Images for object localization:
· · · ·

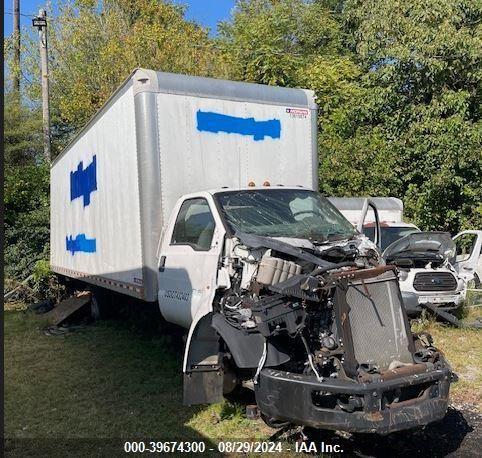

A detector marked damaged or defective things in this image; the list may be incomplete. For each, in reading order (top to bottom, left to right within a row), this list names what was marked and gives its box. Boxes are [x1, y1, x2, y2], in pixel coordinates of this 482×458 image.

severely damaged truck [50, 70, 454, 434]
shattered windshield [216, 188, 358, 242]
crumpled hood [382, 233, 454, 264]
damaged bumper [256, 366, 452, 434]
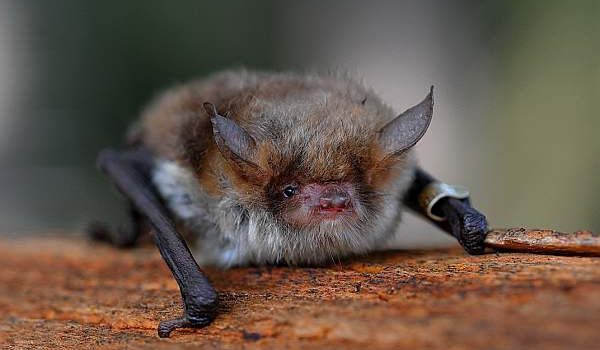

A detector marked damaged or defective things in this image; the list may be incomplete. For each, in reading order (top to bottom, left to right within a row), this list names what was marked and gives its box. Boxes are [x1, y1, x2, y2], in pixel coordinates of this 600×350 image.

rusty texture [1, 235, 600, 350]
rusty texture [486, 228, 596, 256]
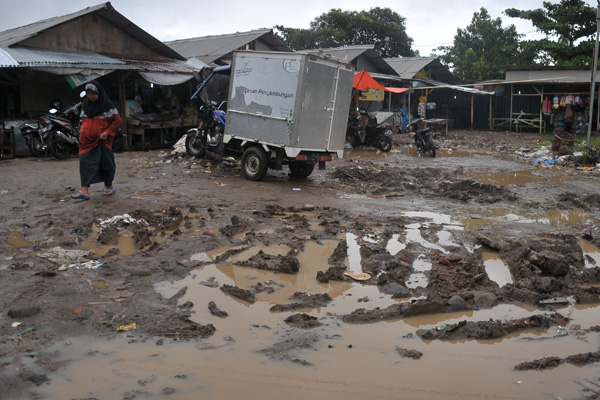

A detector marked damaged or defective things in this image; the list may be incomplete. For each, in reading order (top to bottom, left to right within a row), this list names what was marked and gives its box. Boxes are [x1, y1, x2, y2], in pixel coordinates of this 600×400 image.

damaged road [1, 130, 600, 398]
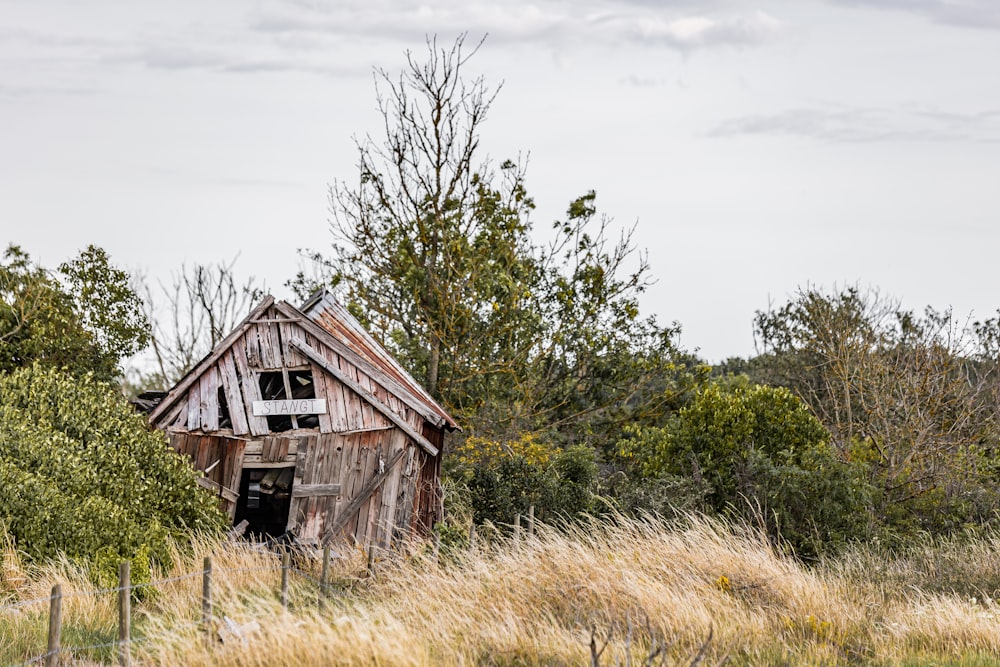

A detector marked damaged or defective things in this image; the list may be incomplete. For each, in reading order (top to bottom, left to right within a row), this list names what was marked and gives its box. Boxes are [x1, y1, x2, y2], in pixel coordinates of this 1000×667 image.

broken window [256, 370, 318, 434]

· · · ·

Restate the preceding entries in full, word for word, with the pictures removed.

> ANSWER FOR THE TASK:
A detector marked damaged or defective things in this image; the list may be incomplete. For each, in reading order (top to bottom, left to right within a row), this list names what was marked and gives its box. Boxes are [x1, y1, x2, y2], in pixel coordinates of this 482×458 image.

severely damaged truck [50, 70, 454, 434]
shattered windshield [216, 188, 358, 242]
crumpled hood [382, 233, 454, 264]
damaged bumper [256, 366, 452, 434]

A detector marked damaged or defective things in this image; the list may be incomplete. For each, in reading order (top to bottom, left to right within a row), this list names what was marked and gives its box. Boxes are [x1, y1, x2, y2], in pixel coordinates of this 600×350 image.

rusty texture [1, 235, 600, 350]
rusty texture [486, 228, 596, 256]

A detector marked damaged or defective things in this image; the list may be incomplete. For each, in reading order (top to bottom, left to right within a row), this list names what was marked and gives its box. Boxes are [x1, y1, x2, y2], in pixel coordinates of this 600×400 image.

damaged road [1, 130, 600, 398]

A detector marked damaged or defective things in this image; the list may be incomplete. For each, in reading order (top to bottom, left to right within a row), this list names what was marked and gives its box. Boxes are [x1, y1, x2, y2], in pixel coordinates of this 1000×667 image.

broken window [256, 370, 318, 434]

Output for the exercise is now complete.